- _Prompt_
Set out exactly, line by line, the stretch of data below that begins at the line containing "Plate of delicious" and ends at the line containing "A middle-aged adult", with both ends kept.

- _Data listing_

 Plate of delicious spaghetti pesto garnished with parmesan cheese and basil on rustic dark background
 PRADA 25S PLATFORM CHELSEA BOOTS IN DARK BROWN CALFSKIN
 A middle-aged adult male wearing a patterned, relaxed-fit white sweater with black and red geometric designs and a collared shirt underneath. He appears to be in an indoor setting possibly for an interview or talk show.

* * *

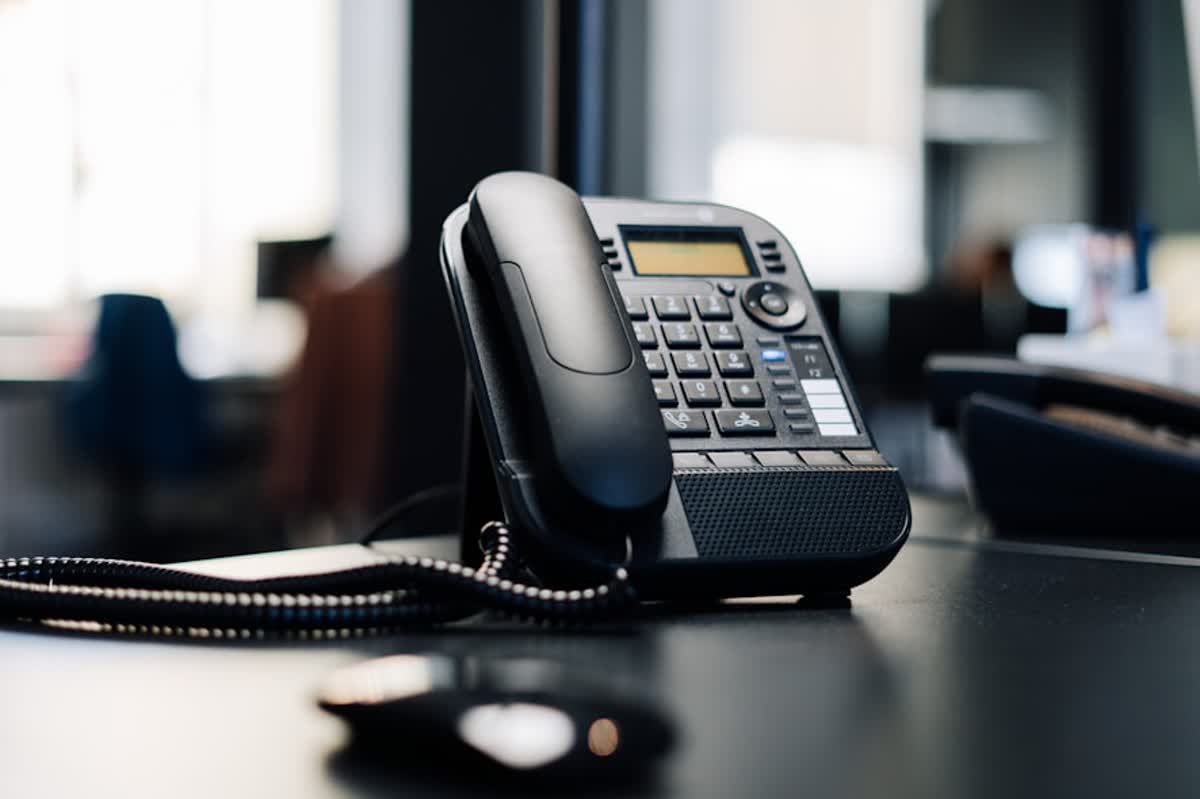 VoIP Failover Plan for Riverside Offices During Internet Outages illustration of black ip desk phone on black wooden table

- _Task answer_
 Plate of delicious spaghetti pesto garnished with parmesan cheese and basil on rustic dark background
 PRADA 25S PLATFORM CHELSEA BOOTS IN DARK BROWN CALFSKIN
 A middle-aged adult male wearing a patterned, relaxed-fit white sweater with black and red geometric designs and a collared shirt underneath. He appears to be in an indoor setting possibly for an interview or talk show.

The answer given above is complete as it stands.